Vom Couchpotato zur Rigi Aufsteigerin

Alexandras Rigiaufstieg

Vom Couchpotato zur Rigi Aufsteigerin

Nach 2 Jahren davon träumen, darüber reden, darauf hintrainieren und es immer wieder zu visualisieren, wurde es gestern Wirklichkeit: Steve und ich sind zusammen die Rigi hochgelaufen. Es war ein wunderbarer, intensiver, anstrengender, emotionaler Glückstag und ich bin heute erfüllt von einer tiefen Dankbarkeit.

Es war im Juni 2017, als ich diesen Traum hatte: Ich lief die Rigi hinauf. Kurz darauf schrieb ich einen Blogpost darüber und seither war dieses Rigi-Projekt immer in meinem Kopf.

Seit ich mich im Jahr 2012 zusammen mit Karma vom Sofa erhoben hatte, um für unseren ersten Lauf zu trainieren, hatte ich mir immer mal wieder neue Fitnessziele gesetzt. Ich konnte die Distanz an den Laufveranstaltungen steigern und habe gleichzeitig das Wichtigste überhaupt auf diesem Weg gefunden: Die Freude an der Bewegung. Nur eines, eines konnte ich wirklich nicht ausstehen: Bergauf gehen. Seit ich „Run Couchpotatoes Run“ ins Leben gerufen habe, hat sich daran nie etwas geändert. Bergauf gehen war für mich immer ein totaler Graus und warum ich genau davon träumte, einen Berg hinauf zu gehen, ist mir bis heute ein Rätsel.
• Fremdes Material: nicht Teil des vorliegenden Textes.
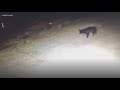 Coyote sightings becoming common in New Orleans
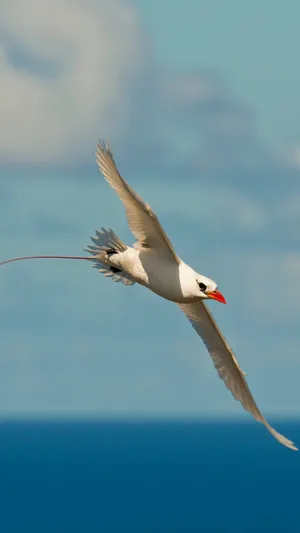 Redbilled Tropicbirdin Flight Wallpaper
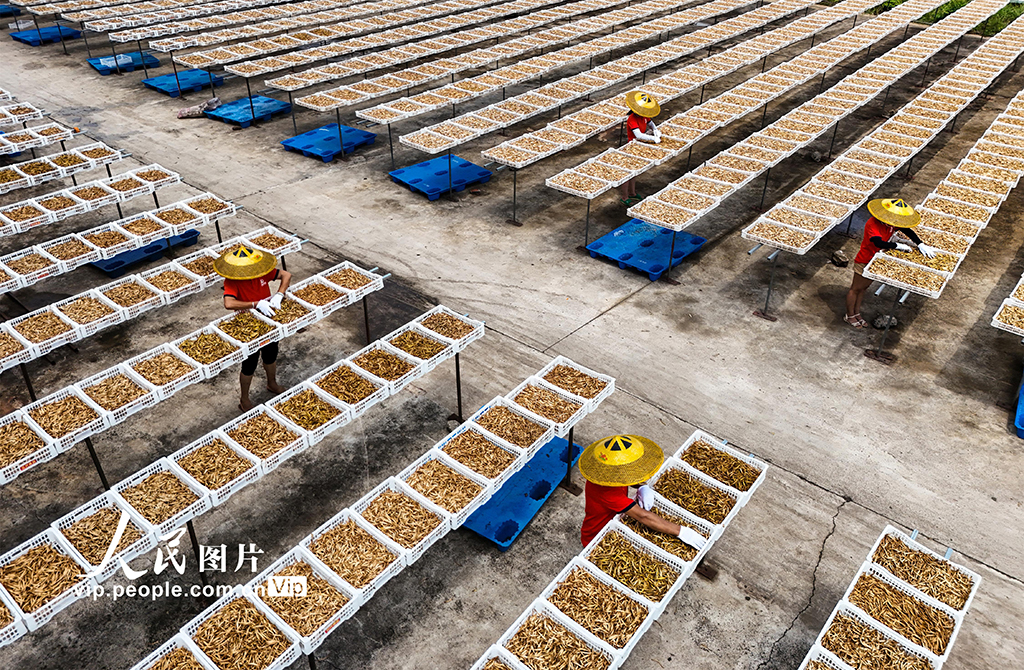 湖南祁东：小黄花 大产业【3】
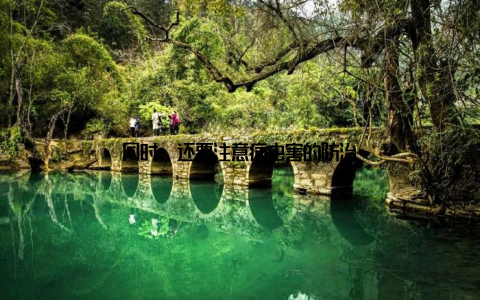 同时, 还要注意病虫害的防治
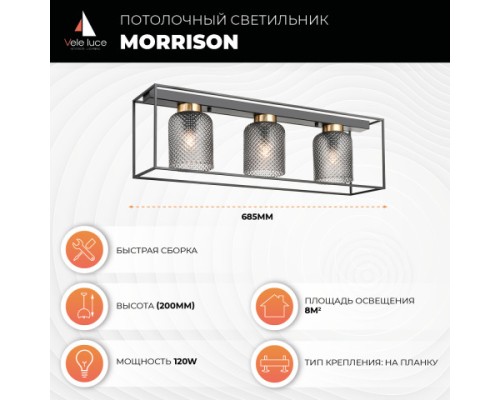 Потолочный светильник Vele Luce Morrison VL5472L03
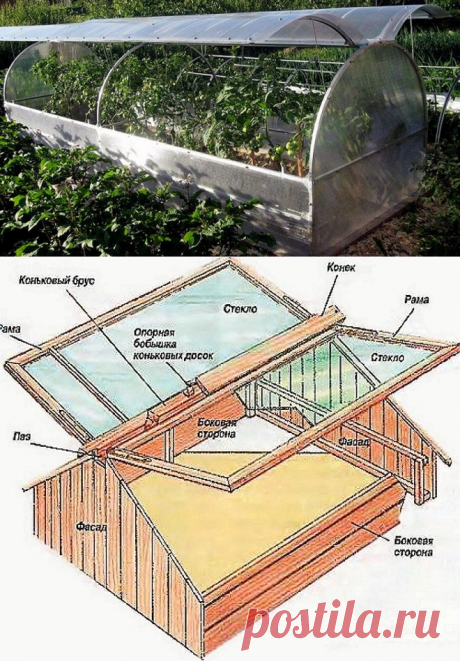 Парник-бабочка – дешевая и практичная теплица
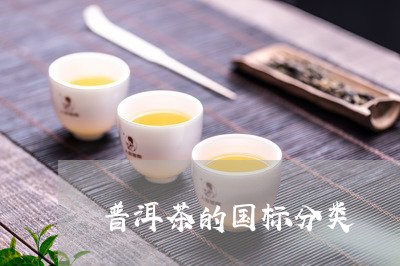 普洱茶的国标分类/2023041049491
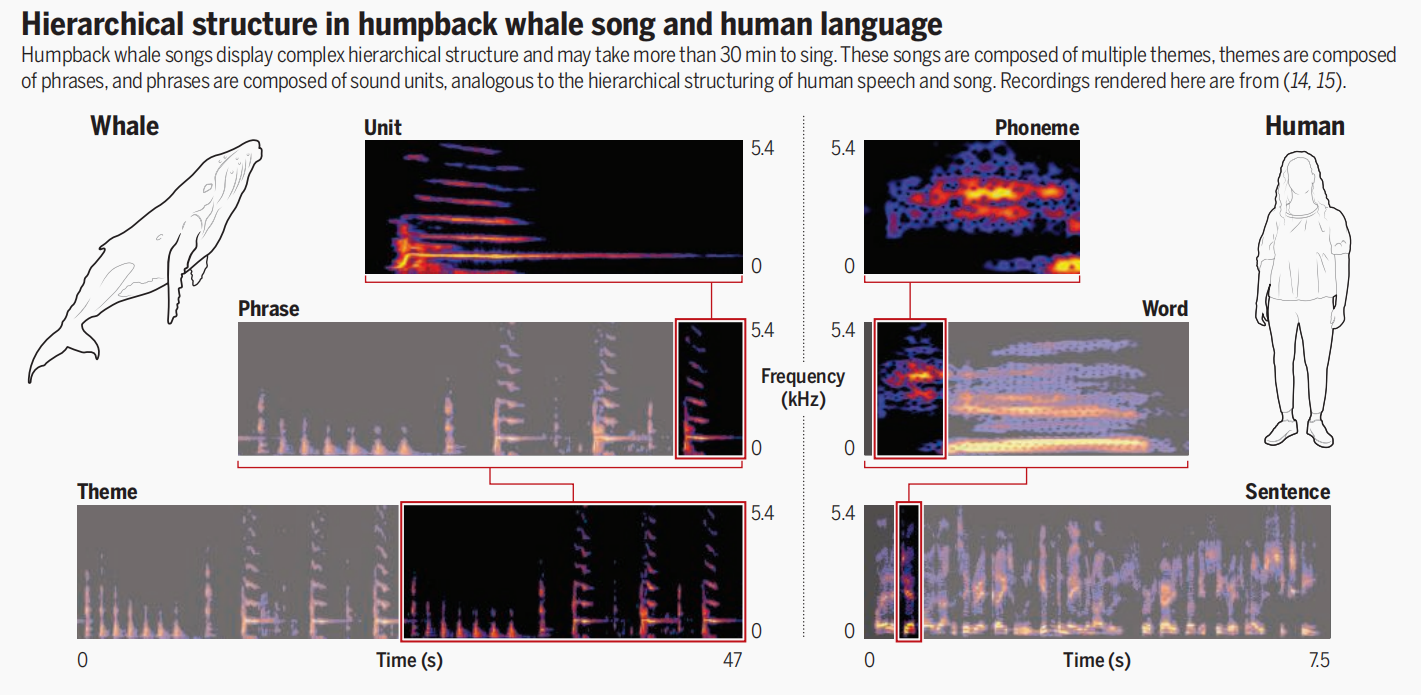 上交大医学院附属第九人民医院图书馆-新闻详情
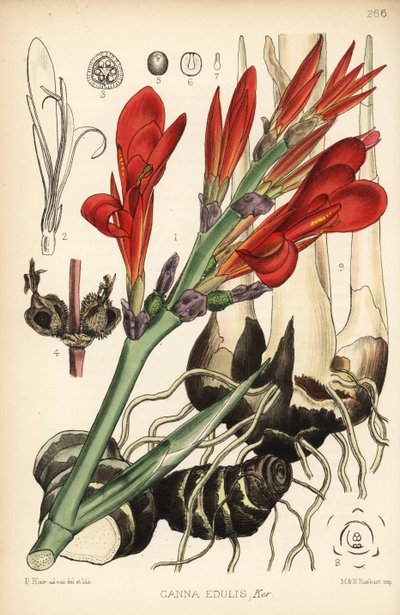 Indický panák, achira nebo meeru, Canna indica (Canna edulis). Ručně kolorovaná litografie od Hanharta podle botanické ilustrace Davida Blaira z Robert Bentley a Henry Trimen
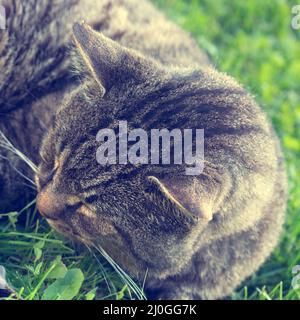 Chat couché dans la verdure dans le jardin le matin ensoleillé du printemps. Banque D'Images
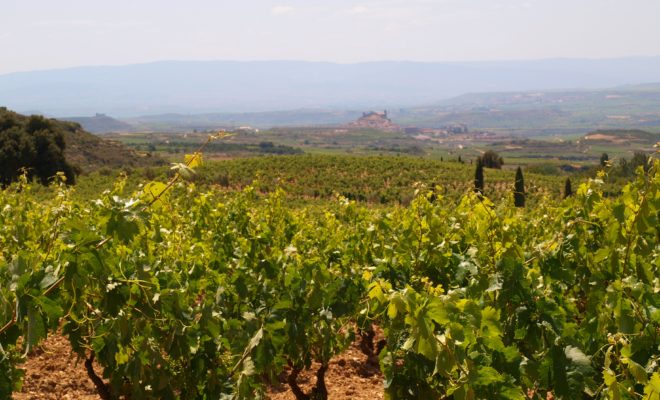 Thabuca Wine Tours Serve Up Northern Spain’s Rioja Region This Summer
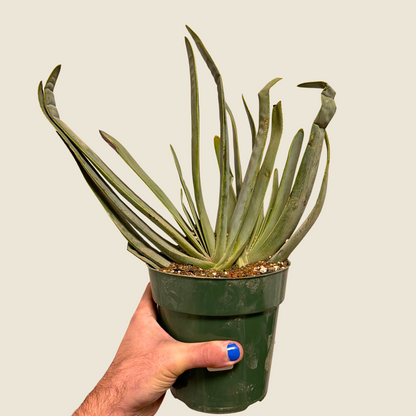 Aloe Fan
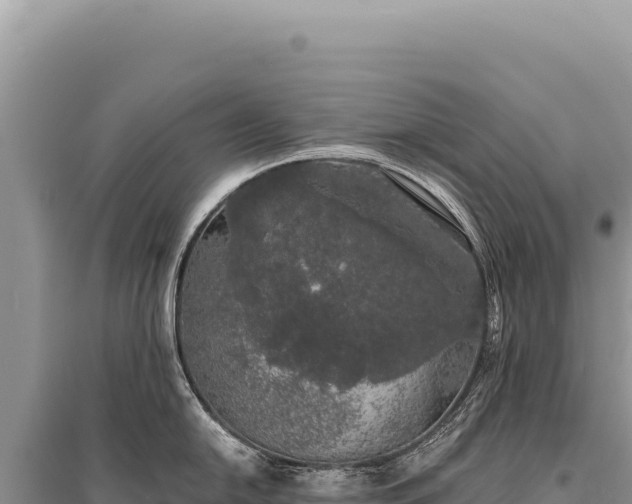 X0000095511054200712211236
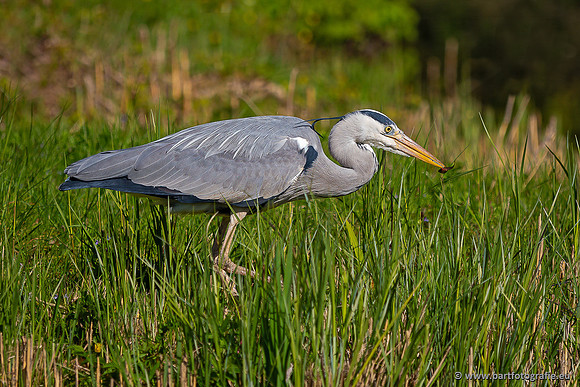 Reigerachtigen, Bart Fotografie-301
Ein paar Monate, nachdem ich mein Ziel öffentlich verkündigt hatte, flatterte ein Mail von Personaltrainer Steve Husistein in meine Inbox. Er habe von meinem Ziel gelesen und meine Vorbereitungen via Facebook verfolgt. Diese seien aber zu wenig zielorientiert und er erklärte sich bereit, mich auf diesem Weg auf den Berg zu coachen. Mit diesen Zeilen begann unser gemeinsamer Weg auf die Rigi:

„Du hast einen weiten, aber nicht unlösbaren Weg vor dir. Du willst nächstes Jahr die Rigi erwandern und glücklich und gesund oben ankommen. Das soll ein langfristiges Projekt werden und nicht irgendein Schnellschuss, der niemandem etwas bringen wird. Ich freue mich auf die Herausforderung, dich professionell für dein Vorhaben vorzubereiten und langfristig etwas auslösen zu können. Ebenfalls sollen so viele Personen wie möglich von diesem Projekt profitieren können. Ich möchte auch andere Leute ansprechen und sie zu solchen Zielen motivieren können.“

Ich nahm mir vor, die Rigi-Besteigung zu meinem 40. Geburtstag Ende August 2018 zu machen. Als mich dann im letzten Frühling eine langanhaltende Knie-Verletzung plagte, begann eine mental schwierige Zeit für mich. Ich rutschte in eine Motivations-Krise und fand länger die Kurve nicht mehr, mich überhaupt mit meinem grossen Ziel identifizieren zu können, geschweige denn, darauf hinzuarbeiten. Zusammen mit Steve fällte ich die schwierige Entscheidung, den Aufstieg um ein Jahr zu vertagen. Das löste natürlich schon die nächste Emotionswelle aus: Ich fühlte mich streckenweise als riesiger Versager und zweifelte häufig daran, dass mir mein Vorhaben tatsächlich gelingen würde. Da ich sehr öffentlich über mein grosses Ziel geschrieben hatte, musste ich zu dem Zeitpunkt natürlich auch einige hämische Bemerkungen in Kauf nehmen, denn die Zweifler-Fraktion hatte natürlich ihre helle Freude daran, zu lesen, dass ich mein Ziel (vorläufig) nicht erreichte. Sie lachten vielleicht dann… gestern lachten wir 😉

Denn einer, einer hatte nie Zweifel. Steve hat ganz zu Anfang mal zu mir gesagt: „Ich sehe, wie wir zusammen diesen Weg auf die Rigi hochgehe. Ich sehe, dass du lächeln wirst und es dir gut gehen wird. Und dass dies erst der Anfang sein wird, denn du wirst richtig Freude bekommen!“ Ich hatte mir zu dieser Zeit häufig einen Funken von dieser Zuversicht gewünscht, denn mich plagten noch immer viele Zweifel. Und jedesmal, wenn ich bergauf ging und mein Gewicht spürte wie sonst nie, wurde ich unsicherer, ob ich mir hier wirklich ein machbares Ziel gesetzt hatte.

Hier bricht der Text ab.